Yes — macros have a loop setting. Set a repeat count and the entire sequence runs that many times. Useful for devices that need multiple presses to reach a setting, volume stepping, or any repeated command.
You can also control the delay between each step — critical for devices that need time to process a command before receiving the next one. Too fast and they miss steps. READYWARE lets you dial in the exact timing for every device.
Edit Mode
Many settings — including Appearance, Device Settings, Overlay, and Advanced — only appear when Edit Mode is ON. Go to Settings → Preferences → Edit Mode → ON. All hidden sections will appear immediately.
It's actually the opposite — live wallpapers perform best in Run Mode. In Edit Mode the canvas is busy with drag handles and edit overlays which can affect performance.
If your wallpaper isn't showing in Run Mode, make sure you tapped "Set Video Wallpaper" and saved before locking. The URL alone doesn't activate it.
Hardware
READYWARE is hardware agnostic — not locked to any one device, brand, or company. Pick whatever fits your setup. Your remotes and .irc files work forever regardless of what hardware you use today or upgrade to tomorrow.
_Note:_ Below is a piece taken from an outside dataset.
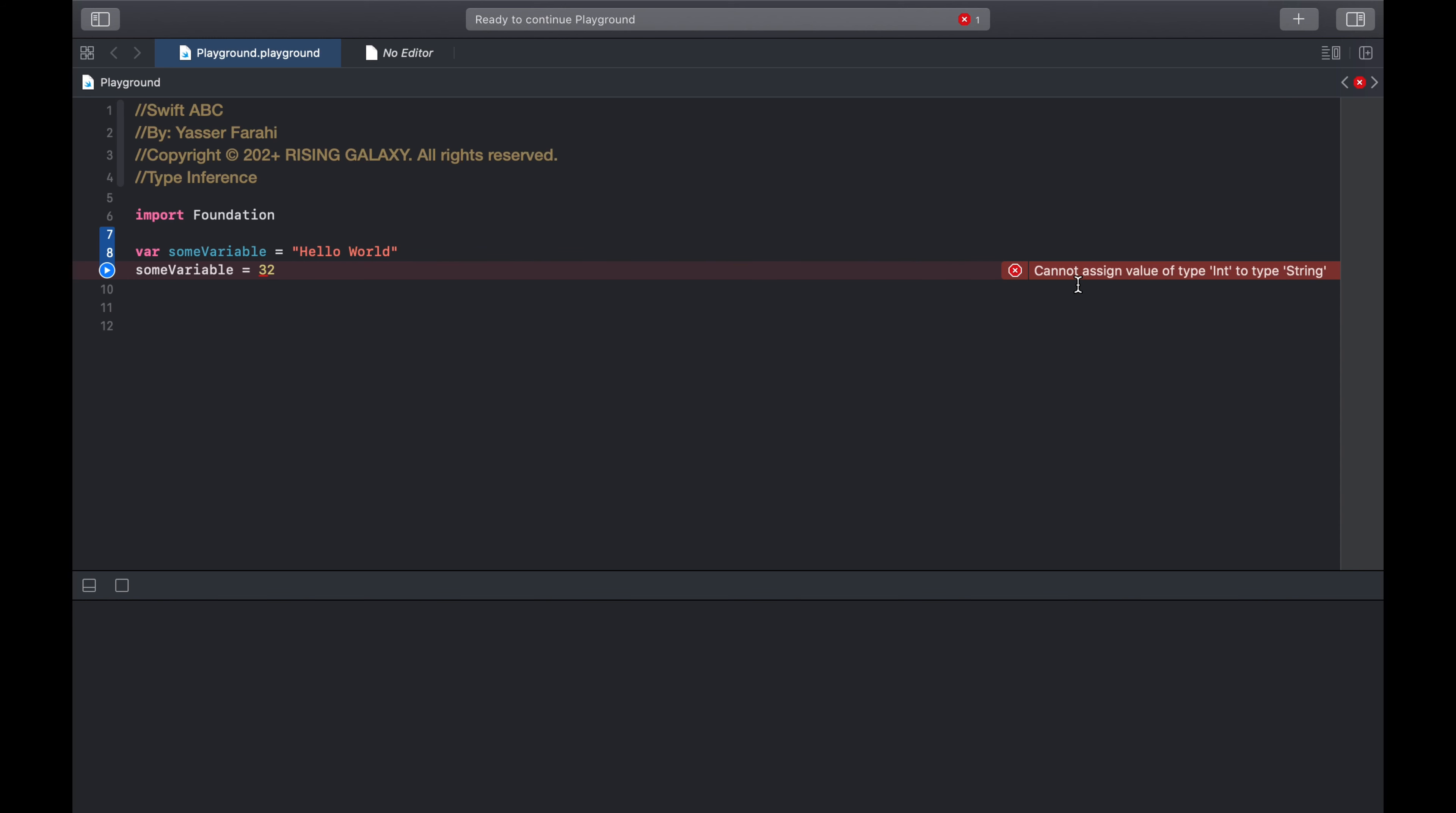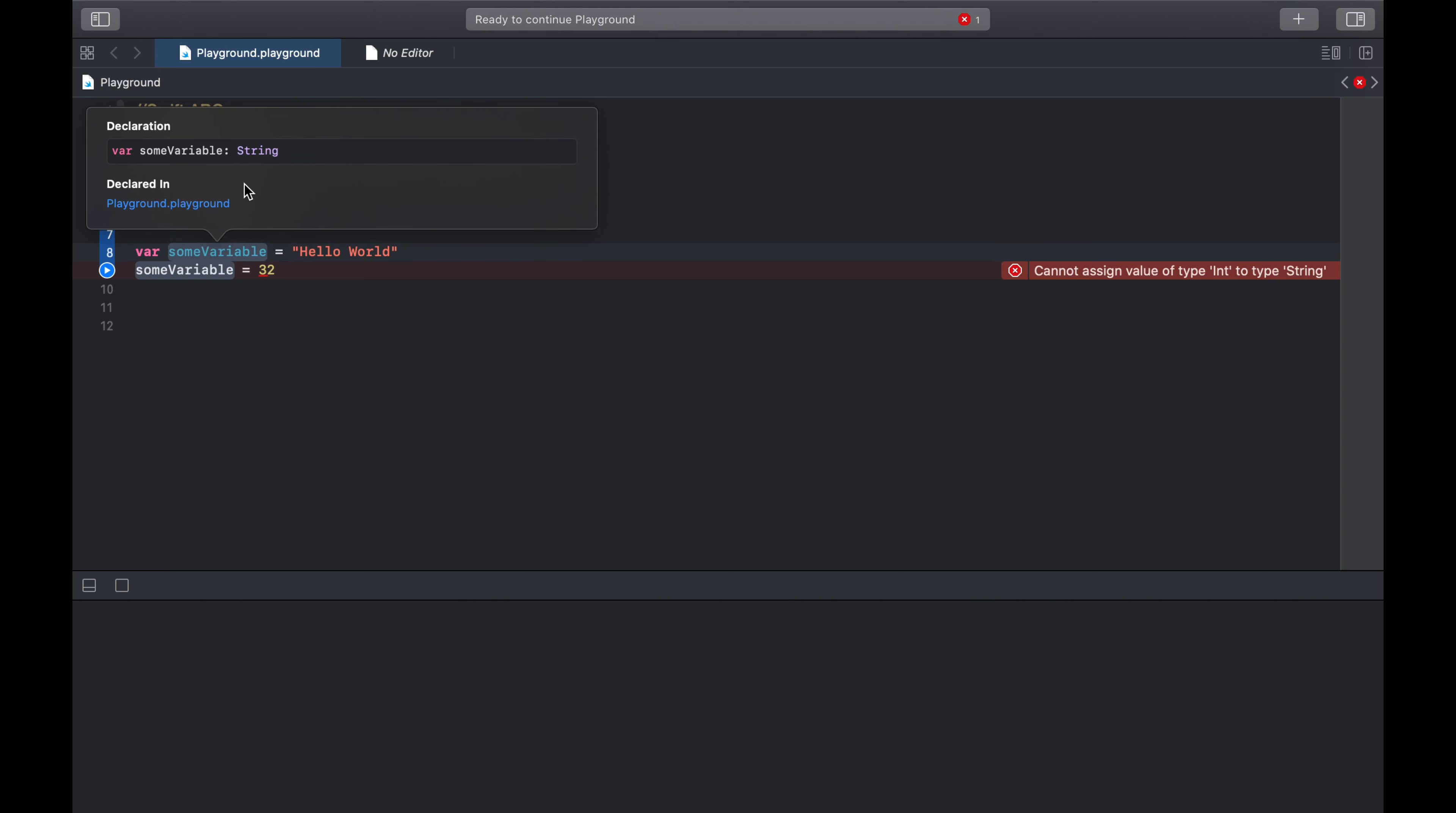Type inference automatically takes place if you are declaring a property with an initial value. The minute that we declared someVariable with an initial value of Hello World, Swift automatically inferred type string to this variable. Let's see that by alt clicking on this variable.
📶 WiFi IR Blaster — Most popular. Sits on the shelf. Works from anywhere.
A small plug-in device on your home WiFi. READYWARE talks to it over the network and it blasts IR or RF to your devices. No wires to your phone. Works from another room or across the world via the Web Remote.
Current BroadLink lineup (recommended for new setups):
- BroadLink RM4 Mini — IR only. TVs, cable boxes, AC, stereos. ~$20. Best starting point for most homes.
- BroadLink RM4C Mini — Compact variant of the RM4 Mini. Same protocol, same performance. Sometimes cheaper. ~$20.
- BroadLink RM4 Pro — IR + RF (433 MHz). Everything the Mini does plus ceiling fans, motorized blinds, gates, garage doors. ~$30. Get this if you have any RF devices.
- BroadLink RM4C Pro — Smaller form factor of the RM4 Pro. Same IR + RF capability. ~$30.
- BroadLink RM4 TV mate — Smaller niche variant designed for TV control. Works with READYWARE.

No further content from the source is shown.